1982 aviation accident in Luxembourg

On 29 September 1982, Aeroflot Flight 343, a scheduled international passenger flight flying from Moscow-Sheremetyevo Airport to Jorge Chávez International Airport, on a stopover at Luxembourg-Findel International Airport, veered off the runway, fatally injuring seven occupants. The Ilyushin Il-62M operating the flight suffered a mechanical failure.

== Aircraft and crew ==
The aircraft involved, manufactured in 1977, was an Ilyushin Il-62M registered as СССP-86470 with serial number 1725234. At the time of the accident, the aircraft had flown for 10,325 hours. It was equipped with four Soloviev D-30KU engines. Engines 1 and 4 were equipped with thrust reversers.

The crew members consisted of 6 pilots and 5 flight attendants:

The captain, aged 47, had a total of 9,487 flight hours including 3,168 hours on the Ilyushin Il-62M; the first officer, aged 55, had a total of 10,441 flight hours including 3,605 hours on the Il-62M; the flight engineer, aged 46, had a total of 7,565 flight hours including 2,893 hours on the Il-62M; the radio operator, aged 34, had a total of 1,282 flight hours, all of which were on the Il-62M; the navigator, aged 46, had a total of 8,527 flight hours, including 2,698 hours on the Il-62M; and an extra pilot, a 58-year-old flight instructor, had 8,701 total flight hours, with 4,102 hours on the Il-62M.

== Accident ==
Aeroflot Flight 343 was a regularly scheduled international passenger flight departing from Sheremetyevo International Airport, Russia, to Jorge Chávez International Airport, Peru, via stopover flights at Luxembourg Findel Airport, Luxembourg and José Martí International Airport, Cuba. At 18:50 GMT (UTC+00:00), weather conditions at Luxembourg Findel Airport included winds of 4 kn with a wind direction of 120°, with visibility being described as "CAVOK".
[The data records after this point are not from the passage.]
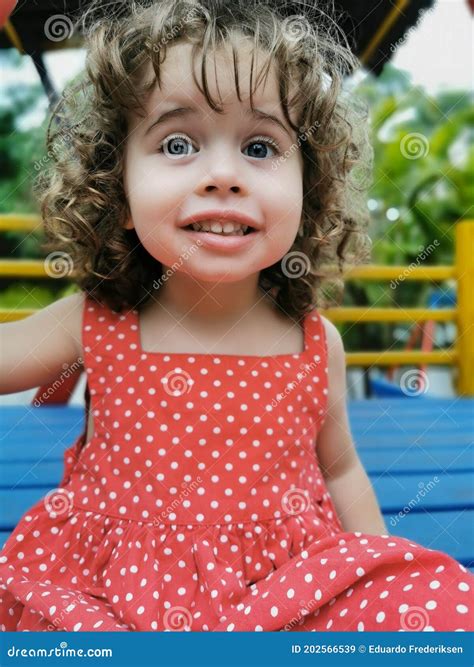 Little Girl Playing On The Playground Looking And Laughing At Camera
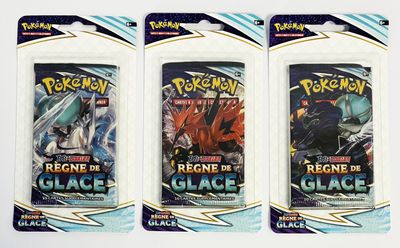 On voit trois paquets de cartes à collectionner Pokémon posés sur une surface blanche.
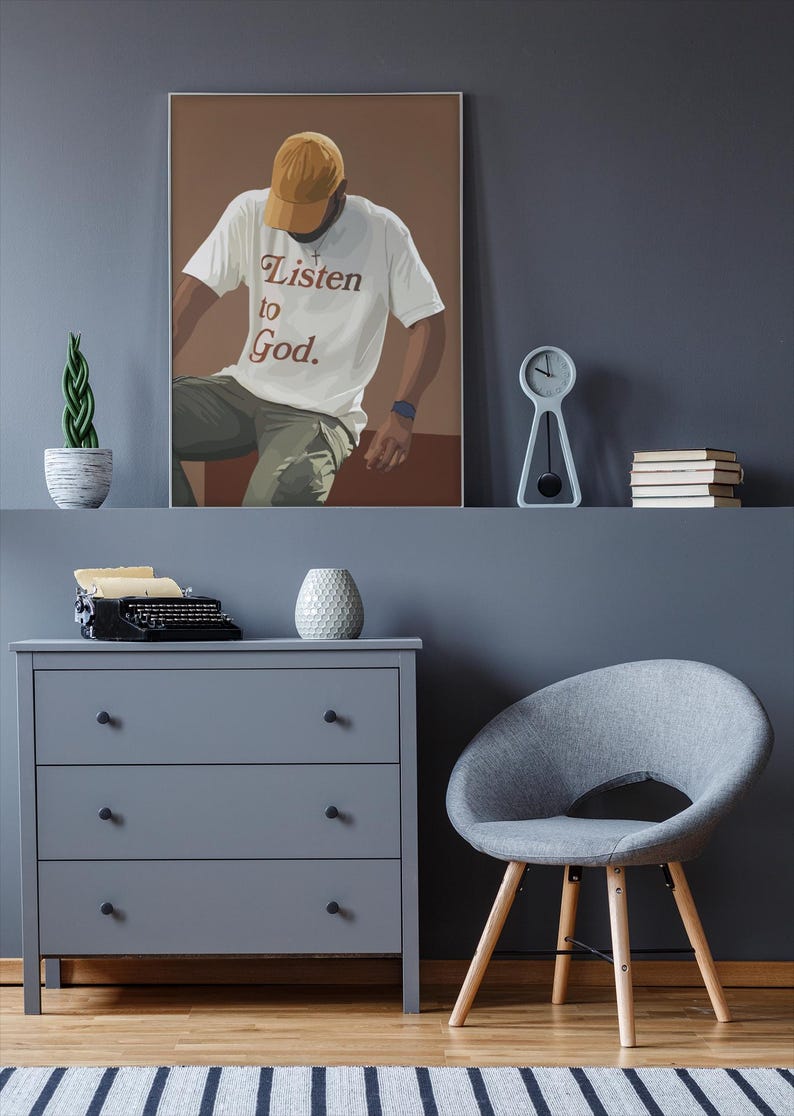 May include: A framed illustration of a person wearing a white t-shirt with the text "Listen to God." The person is wearing a yellow baseball cap and is sitting on a brown surface. The background is a light brown color.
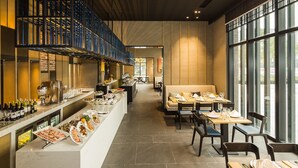 Een modern restaurant met een lange toonbank waarop eten en drinken staan uitgestald, een zithoek met tafels en stoelen, en grote ramen met uitzicht.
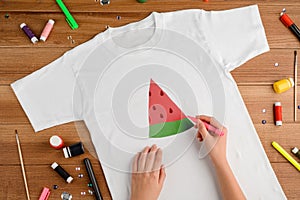 Woman drawing watermelon slice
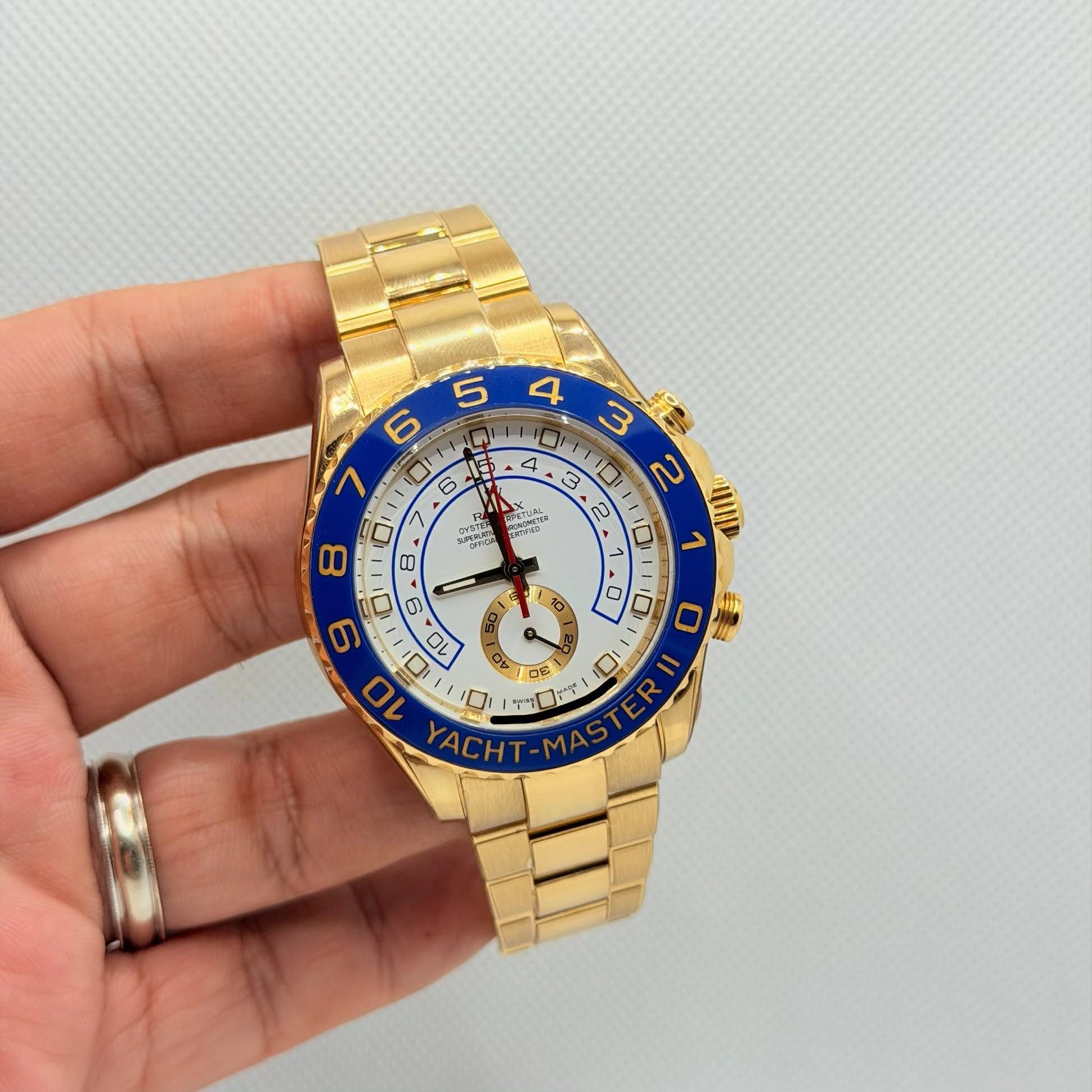 May be an image of wrist watch and text
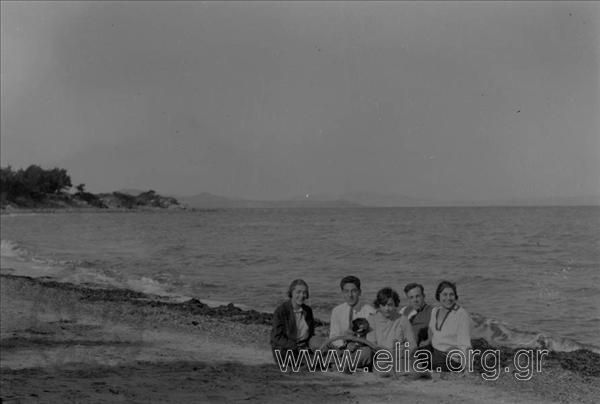 A group of friends at the shore.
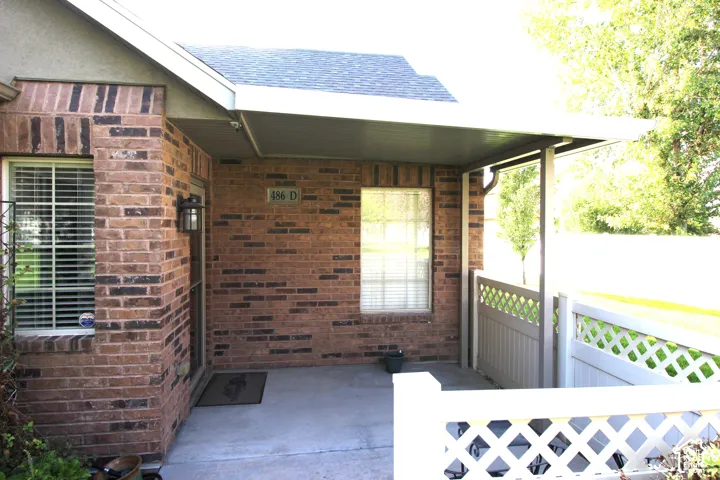 Brick exterior with contrasting trim, covered entry, lattice fencing, and exterior wall lantern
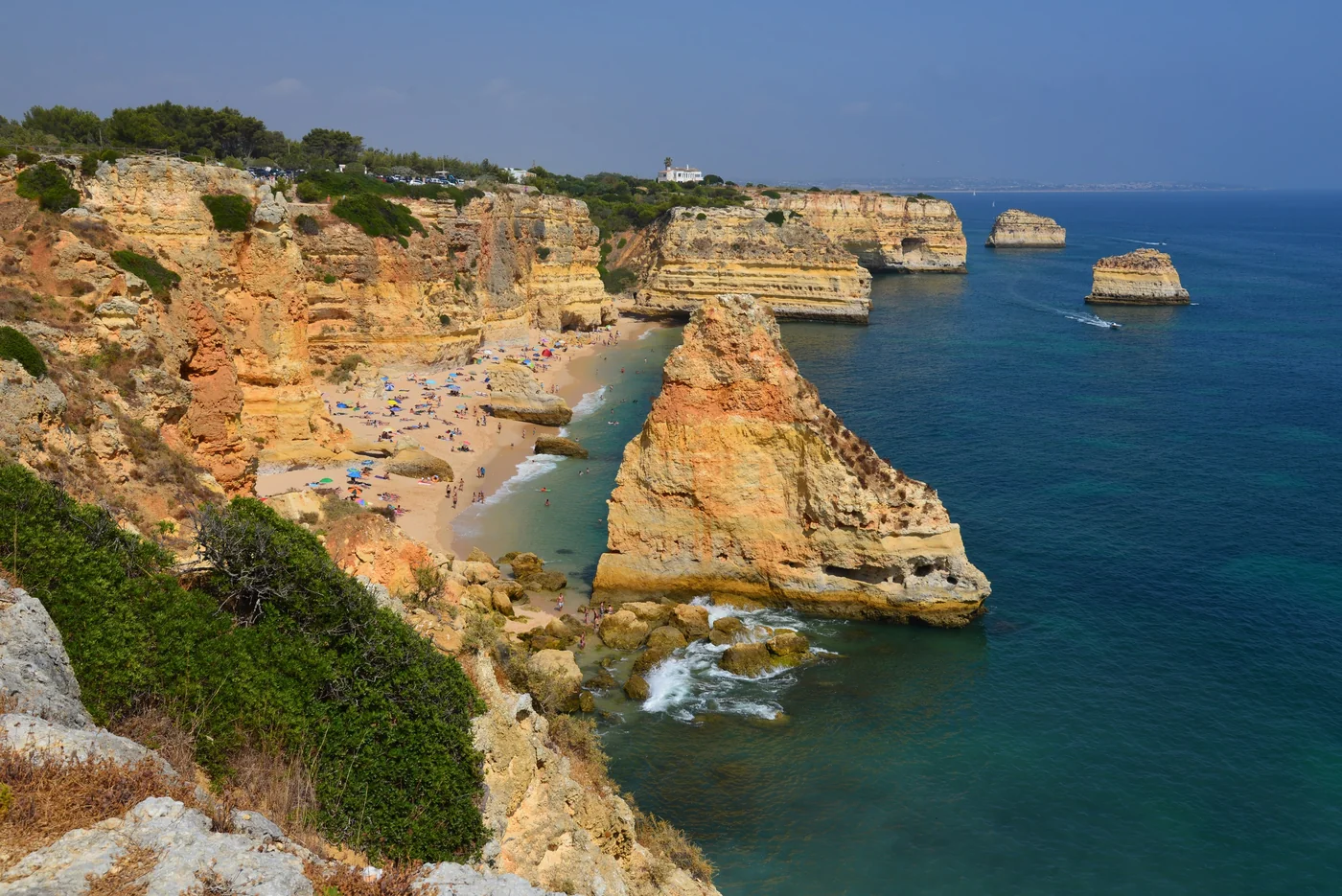 Golden cliffs and sea stacks above the turquoise water at Praia da Marinha.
The aircraft took off from Moscow at 16:15. At 19:21:33, the crew contacted Luxembourg Findel Airport's ATC announcing that they have the runway in sight. The crew subsequently obtained the authorization to land. After touching down at 19:23:23, the aircraft deviated towards the right. The aircraft, which the pilot was unable to control, was exiting the runway from the right side 1300 m away from the runway threshold. The aircraft continued to track on the earth moving further away from the runway. The aircraft struck a partially buried building and fell into a wooded ravine, lying 1200 m away from the runway threshold and 200 m away from the center of the runway.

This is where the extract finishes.